I’m learning a lot of Arduino stuff right now, since I started yet another project. The objective is to create controllers that output 14-Bit MIDI (also known as [NRPN]) or OSC. Reason is mainly that MIDI pisses me off thousandfold. Why the hell are we still stuck to 7 bits when it comes to controlling musical equipment?!?
So I sat down and started designing a sort of mixer controller for use with [Pure Data] that not only controls but also get a visual feedback on sound levels in the form of LED bar graphs. I did a basic layout I will post later. For now it looks like a standard mixing console with
- 4 channels having
- 1 Fader
- 9 knobs (typically 1xGain, 4xEQ, 4xAux)
- 10 Buttons (Mute, PFL, 4xGroup, 4xPre/Post)
- 10 LEDs to show button states
- 1 12 LED bargraph to show audio levels
That is a lot of analog in and output. Considering the amount of free pins on an Arduino, this calls for some serious multiplexing, of which I did first tests in the last days.
Pure Data audio levels on a LED bar graph
I did some first tests connecting two 10LED bar graphs to 3 4093 shift registers. I played audio files in PD, using [env~] to get the dB levels on a scale from one to ten and send them to the Arduino which then conveyed them into the registers.
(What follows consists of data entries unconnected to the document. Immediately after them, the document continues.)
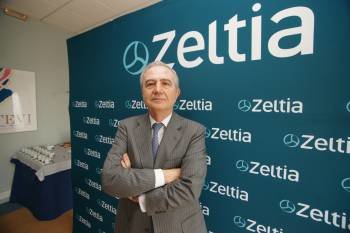 El presidente del grupo vigués Zeltia, Fernández de Sousa-Faro, en la útlima junta de accionistas. 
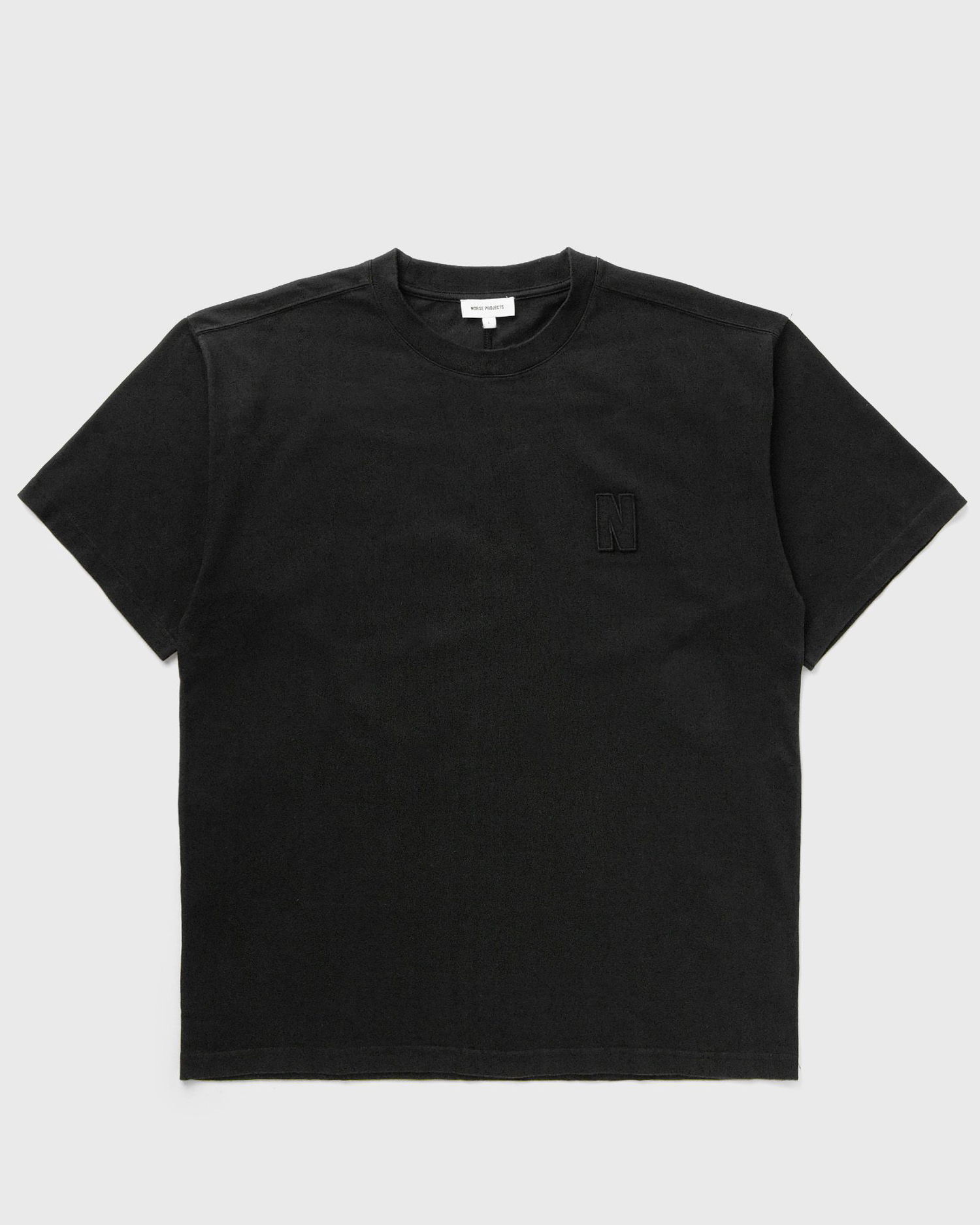 Tričko NORSE PROJECTS Simon Loose Organic Heavy Jersey N Patch Tee Čierna | N01-0667-9999, 0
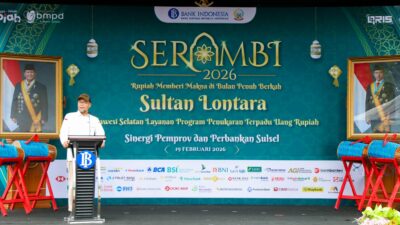 Gelar Serambi 2026, BI Sulsel Siapkan 26.143 Paket Penukaran Uang Baru di 120 Titik Layanan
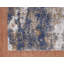Tapis à poils longs bleu / or Ridley-156963497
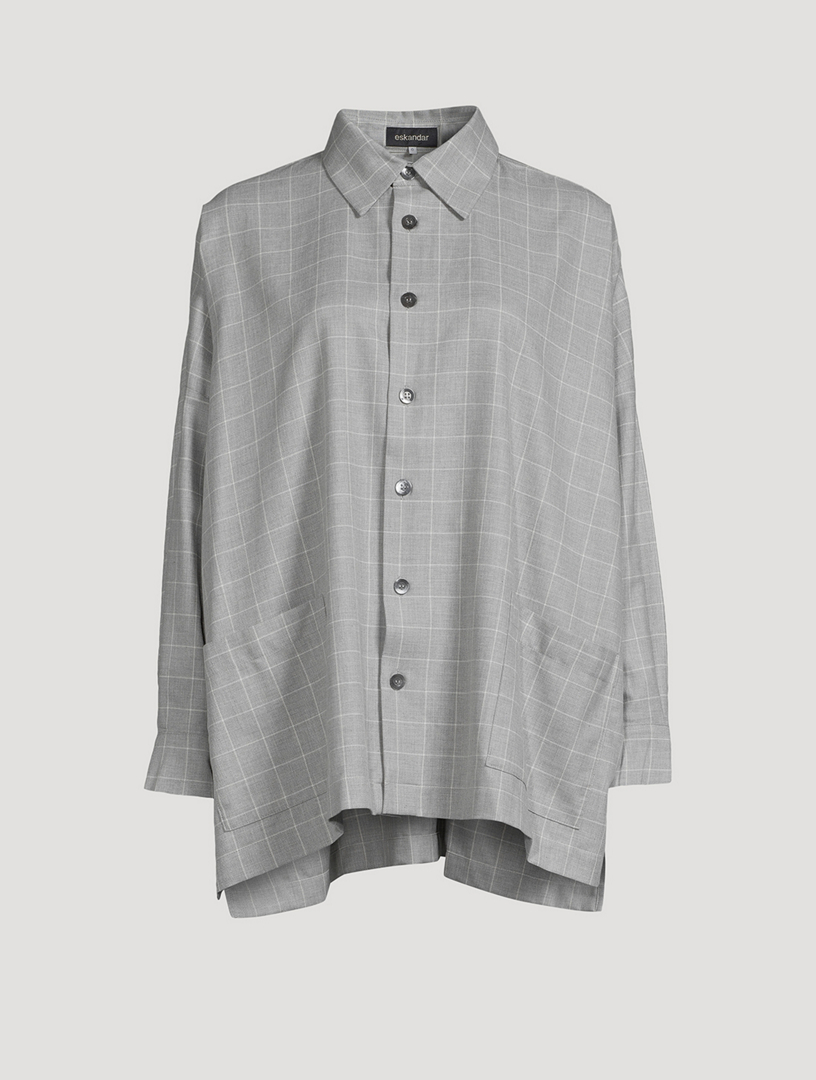 Oversized Step-Hem Cotton Shirt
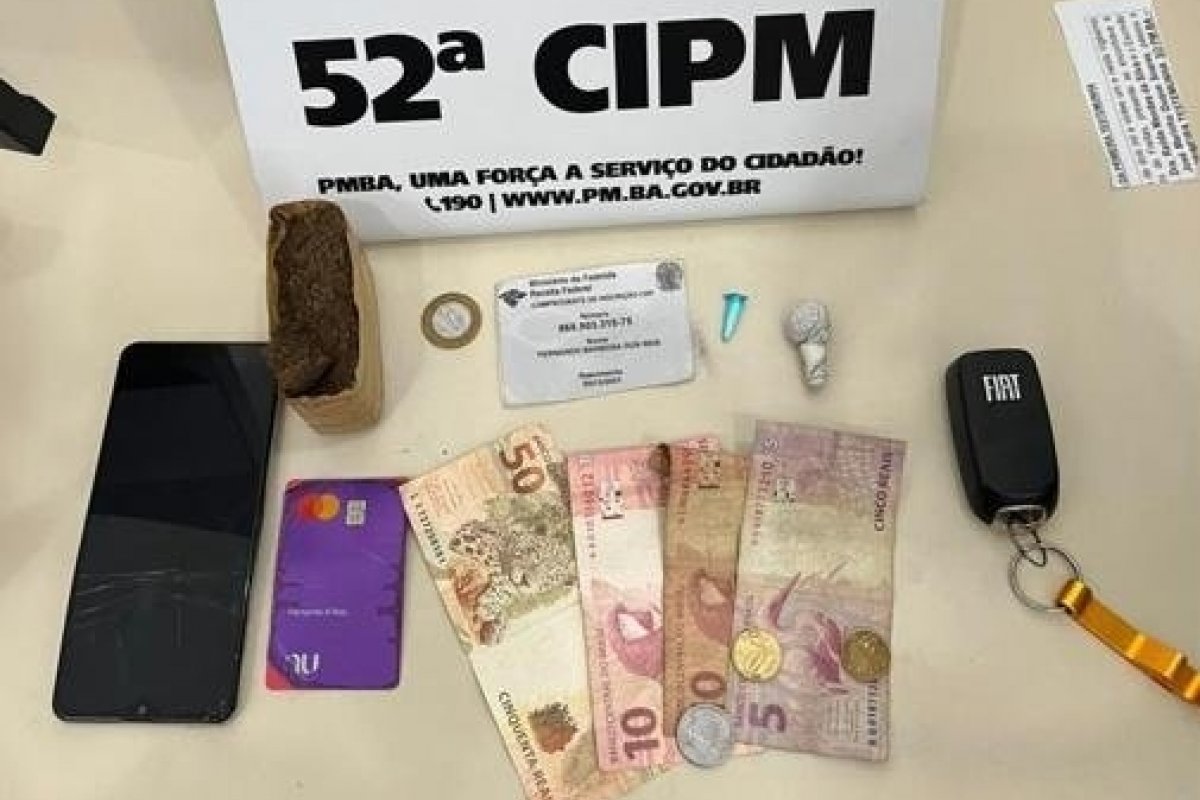 Polícia MIlitar impede roubo a motorista por aplicativo e prende assaltante na região de Lauro de Freitas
This was a bit tricky since a register only goes to 8 and the two leftover LEDs have to be controlled with the next one. I got it running after a while, though.
Results: I tested several intervals for [env~] and settled for 8000 samples. Everything else made the display too jumpy. The dynamic of the scale is still not satisfactory. That is something that might be solved by software, but the binary output of the 4096 also limits it a lot. While it`s really cheap this way, I might be better off using a D/A converter.
I learned quite some things about serial communication and it’s parsing with the Arduino. I might write a tutorial these days…
Multiplexing analog Inputs with the 4051
To handle the above amount of sliders and potis I’ll have to do multiply it’s analog inputs. The cheapest way I found so far is to use 4051s (8 ins) or 4067s (16 ins). I salvaged a circuit board from a broken midi keyboard of mine that had 8 sliders and 8 knobs in combination with two 4051s, so I wrote a patch that reads these 16 controllers and reports changes to PD. That worked extremely well. I will post the Arduino program and the circuit here in a while.